==== Available data

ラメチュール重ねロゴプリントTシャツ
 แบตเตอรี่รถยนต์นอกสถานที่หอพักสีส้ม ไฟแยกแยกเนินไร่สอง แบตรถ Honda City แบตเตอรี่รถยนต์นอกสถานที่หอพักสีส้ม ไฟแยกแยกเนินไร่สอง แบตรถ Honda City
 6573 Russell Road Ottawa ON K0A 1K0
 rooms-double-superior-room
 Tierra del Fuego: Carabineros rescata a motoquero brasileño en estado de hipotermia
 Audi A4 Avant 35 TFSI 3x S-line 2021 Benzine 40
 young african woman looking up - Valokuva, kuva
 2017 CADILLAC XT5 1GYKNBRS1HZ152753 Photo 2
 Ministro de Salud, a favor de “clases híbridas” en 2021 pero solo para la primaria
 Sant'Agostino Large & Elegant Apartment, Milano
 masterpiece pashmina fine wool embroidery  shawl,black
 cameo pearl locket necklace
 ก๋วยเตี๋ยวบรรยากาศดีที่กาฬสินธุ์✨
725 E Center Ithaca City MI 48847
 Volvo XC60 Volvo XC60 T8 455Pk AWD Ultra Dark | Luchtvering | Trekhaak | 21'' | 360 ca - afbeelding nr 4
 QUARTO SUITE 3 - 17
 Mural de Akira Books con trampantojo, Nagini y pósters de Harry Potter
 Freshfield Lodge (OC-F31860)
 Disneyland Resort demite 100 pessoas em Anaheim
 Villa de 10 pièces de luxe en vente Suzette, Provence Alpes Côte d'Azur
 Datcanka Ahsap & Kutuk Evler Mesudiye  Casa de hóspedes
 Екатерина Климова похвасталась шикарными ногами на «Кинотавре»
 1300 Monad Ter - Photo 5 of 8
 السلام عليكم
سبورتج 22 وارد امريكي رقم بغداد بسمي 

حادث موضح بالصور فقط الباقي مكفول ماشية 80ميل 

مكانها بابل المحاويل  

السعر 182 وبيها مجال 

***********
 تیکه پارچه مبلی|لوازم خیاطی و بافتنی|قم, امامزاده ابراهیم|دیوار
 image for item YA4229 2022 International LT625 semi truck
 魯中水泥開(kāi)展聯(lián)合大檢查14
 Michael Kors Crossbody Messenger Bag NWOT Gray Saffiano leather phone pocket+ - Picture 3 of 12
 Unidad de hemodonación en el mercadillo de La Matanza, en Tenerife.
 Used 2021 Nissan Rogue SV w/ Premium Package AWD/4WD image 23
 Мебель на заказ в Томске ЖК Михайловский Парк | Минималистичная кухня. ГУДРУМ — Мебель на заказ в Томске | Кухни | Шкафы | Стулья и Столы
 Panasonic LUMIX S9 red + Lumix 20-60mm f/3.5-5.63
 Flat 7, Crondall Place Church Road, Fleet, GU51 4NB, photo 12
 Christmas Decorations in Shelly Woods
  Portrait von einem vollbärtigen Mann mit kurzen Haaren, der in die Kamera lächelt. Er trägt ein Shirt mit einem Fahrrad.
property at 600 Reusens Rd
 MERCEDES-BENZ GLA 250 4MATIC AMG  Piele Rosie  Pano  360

========

▶ _Required action_
Taking the material above as a whole, how many of its lines contain "Road"? The reply should be that number alone.

▶ _Response to this task_
2